Possible projects

1. Random walks on graphs

In this project, we will investigate the theory behind random walks on graphs, and see how these methods are applied to real-world problems.

In a random walk on a graph, we start on any node of the graph, then walk along any of its edges with equal probability. This brings us to another node, and we repeat the process again. After many iterations, we can compute the probability that we will end up at any particular node.

For example, consider the following graph:

graph

Node 1 is connected to nodes 2,3 and 4. So if we start at node 1, there is a $1/3$ probability that we will end up at node 2, and similarly for nodes 3 and 4. At the next step, we start at nodes 2,3 and 4 and repeat the process. If we keep doing this, what node will we end up at? We can’t be sure that we’ll definitely be on any particular node, but we can compute the probability that we end up there.

For the theory part of this project, we will:

  • Learn how to couch random walks as matrix multiplications
  • Understand how this is related to eigenvalues and eigenvectors
  • Show that a random walk always converges to an equilibrium distribution
  • Understand what a Markov process is, and how this is a special case of a Markov process

For applications, we will apply this to:

  • Transport networks
  • Network of hyperlinked webpages

For transport networks, we see how a “random traveller” model helps to identify central nodes in the network. For networks of webpages, we will see how Google’s PageRank algorithm uses a “random surfer” model to identify relevant webpages.

2. Recommendation Systems

In this project, we will investigate the use of linear algebra and graph theory in recommendation systems.

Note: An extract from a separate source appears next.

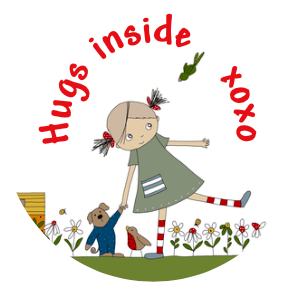 "Hugs inside" round sticker pack of 9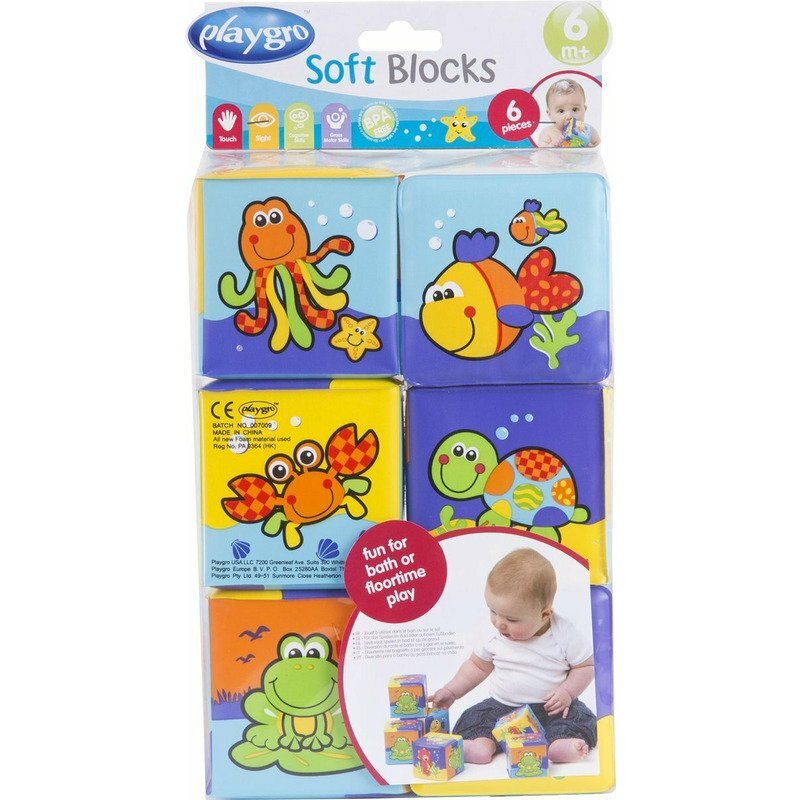 Playgro Set 6 cuburi pentru baie Splash and Learn Soft blocks for bath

Suppose we have a large database of users and movies: we know which users have watched which movies, as well as the user’s rating (on a scale of 1 to 5 stars) for the movies they have watched.

The goal of a recommendation system is this: based on our knowledge of past movies a user $x$ has watched and rated, can we:

  • Predict $x$’s ratings for movies that $x$ has not watched (the “?” in the picture above)
  • Use this to recommend movies that $x$ will like

To do this, we find other users that have similar tastes to $x$, and use their ratings on other movies to estimate $x$’s ratings on those movies. But what does “similar tastes” mean, and how can we quantify it? We will see how to use linear algebra to answer this question.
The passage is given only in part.